Retail sales volumes in December rose 0.3% compared to November, below than the 1.1% lift expected by analysts, according to the Office for National Statistics.
Sales volumes of food edged up 0.3% with non-food growing 0.1%.
The ONS said that sales rose 2.1% by volume year-on-year in December, which was again less than the 3% rise anticipated, with food sales increased 2.8% while non-food climbed 0.7%.
Clothing, textile and footwear experienced the biggest rise, with growth of 4.7%. Non-store retailing, which includes online, grew 9.4%.
In the three months to December 31 sales volume increased 0.7% compared to the previous three months.
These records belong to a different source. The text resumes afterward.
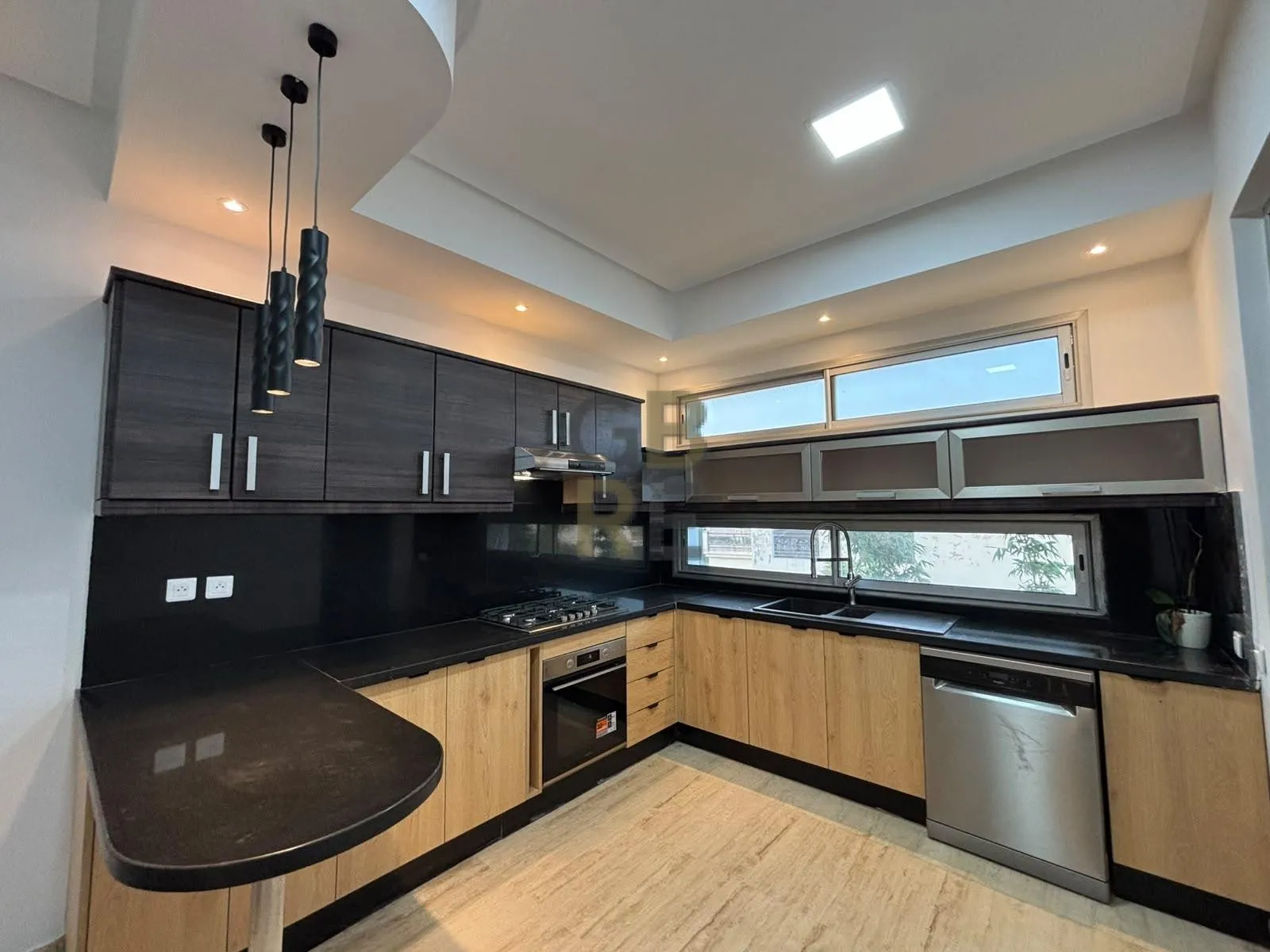 Très bel appartement meublé en location à Hay Riad - الرباط (4)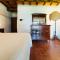 6 bedrooms villa with private pool and furnished terrace at Santa Fiora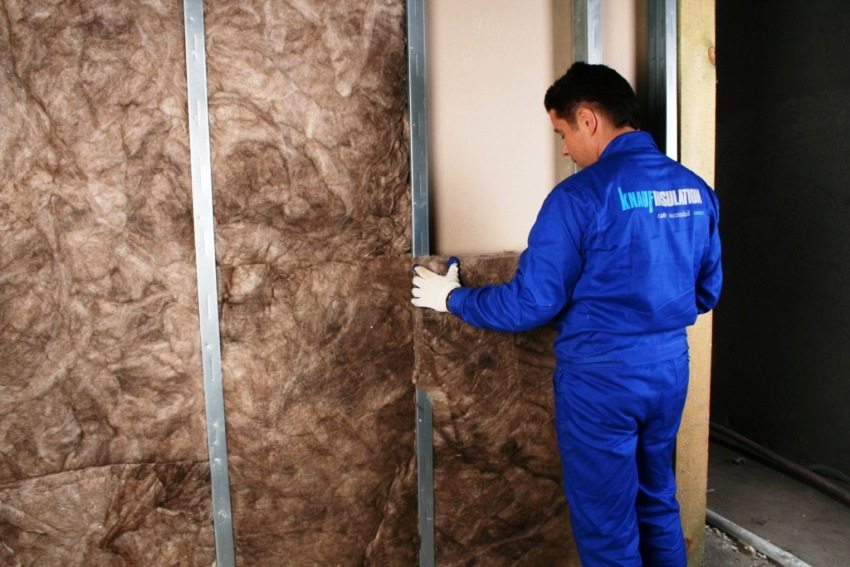 Instalarea izolației într-un cadru realizat din profile metalice Instalarea izolației într-un cadru realizat din profile metalice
Year-on-year, total sales volume rose 2.7% in the three month period, with food growing 1.8% and non-food increasing 2.5%, with the largest rise again coming from apparel, which jumped 7%.
Barclays head of retail and wholesale Richard Lowe said: “Although these figures came in lower than expectations, the general feeling is that 2009 ended on a relatively high note for retailers. Christmas trading proved positive as consumers upped their purchasing, releasing some of the pent-up demand in the market. The majority of trading updates at the end of 2009 were also positive, offering some cheer to the sector as the year ended.
“Retailers will look to the start of the New Year with an air of cautious optimism. They will be encouraged by some momentum from December, although it remains to be seen to what extent the reinstating of VAT at 17.5 per cent will have displaced demand from the early months of this year, particularly for household goods. The industry will hold its breath for any changes brought-on following the election.”